Prior to the advent of the current state of the art, Neural Machine Translation (NMT), Statistical Machine Translation (SMT), particularly translation model, with Phrase-based SMT was the most widely used machine translation model. This translation model has continued to be shown to outperform NMT in most cases when performing translations for low resource languages such as Nguni languages, isiXhosa and isiZulu. In this project phrase-based, SMT systems trained on data sources augmented using different techniques were compared to a baseline phrase-based SMT system, with the goal of determining whether SMT translation system quality in the low resource setting may be improved using augmented data.

Models


Models trained on data augmented with multilingual data and back translate data were compared to a baseline SMT system

  • Baseline: The baseline systems saw SMT systems trained using parallel data sourced from various online databases.
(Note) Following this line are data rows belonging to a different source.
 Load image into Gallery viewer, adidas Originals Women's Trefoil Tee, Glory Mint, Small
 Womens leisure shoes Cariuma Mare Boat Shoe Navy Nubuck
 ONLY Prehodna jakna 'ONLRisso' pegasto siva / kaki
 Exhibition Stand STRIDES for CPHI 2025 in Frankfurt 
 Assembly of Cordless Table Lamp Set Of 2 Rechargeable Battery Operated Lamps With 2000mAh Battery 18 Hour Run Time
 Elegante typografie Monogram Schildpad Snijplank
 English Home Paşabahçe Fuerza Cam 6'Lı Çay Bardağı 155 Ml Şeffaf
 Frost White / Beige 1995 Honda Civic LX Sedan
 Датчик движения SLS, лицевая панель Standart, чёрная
A baseline system was constructed for both English-isiZulu and English-isiXhosa translation.
  • Back-translation: The back-translation systems saw a isiZulu-to-English and isiXhosa-to-English SMT translation system constructed. Using these systems, existing isiZulu and isiXhosa monolingual data was translated into English. This created synthetic parallel datasets with the nguni monolingual data mapping to the english translations. This synthetic parallel data was then combined with the existing parallel corpora, and new English-to-isiZulu and English-to-isiXhosa SMT systems trained with this new combined data set.
  • Multilingual: The multilingual system saw the isiZulu and isiXhosa parallel data combined, creating a multilingual training data set. A multilingual SMT system was constructed for both English-isiZulu and English-isiXhosa translation.

  • Data-Preprocessing


    Data was normalised using a python script, lowercasing all characters in the corpora. Following this normalisation, all data was tokenized using Byte-Pair Encoding to account for the agglutinative nature of Nguni languages. Finally the corpora was cleaned to limit maximum sentence length in the models created to 80 characters. Finally 1000 sentences from the training data for each language were extracted for use as tuning data.


    Model Construction


    SMT models were built using the Moses SMT toolkit, and KenLM language modelling toolkit. A 6-gram language model with modified Kneser-Ney smoothing was also used for all systems. GIZA++ was used for word alignment, with tuning conducted for all three types of models using the MERT line-search based method.


    Results


    The SMT systems trained on back-translated data yielded the best performance in both the isiZulu and isiXhosa context. However, in the isiZulu context the baseline system outperformed the multilingual system whereas the opposite is true in the isiXhosa context. Shown in the figure below are BLEU scores for each system in each target language. Using the BLEU system the closer the score is to 100, the higher the quality of the translation.


    results for smt

    Notably, there were twice as many parallel sentences for isiXhosa, than for isiZulu justifying the overall higher BLEU scores observed in the isiXhosa context when compared to the isiZulu context.



    Conclusions


    Making use of the back-translation technique for data augmentation in particular yields translations that are of a higher quality when compared to a baseline system, trained on data that has not been augmented. Multilingual data augmentation, however, shows inconsistencies which may indicate that there is a need to find some optimal ratio of original parallel corpora to alternate language parallel corpora in order to yield improvements to the baseline context.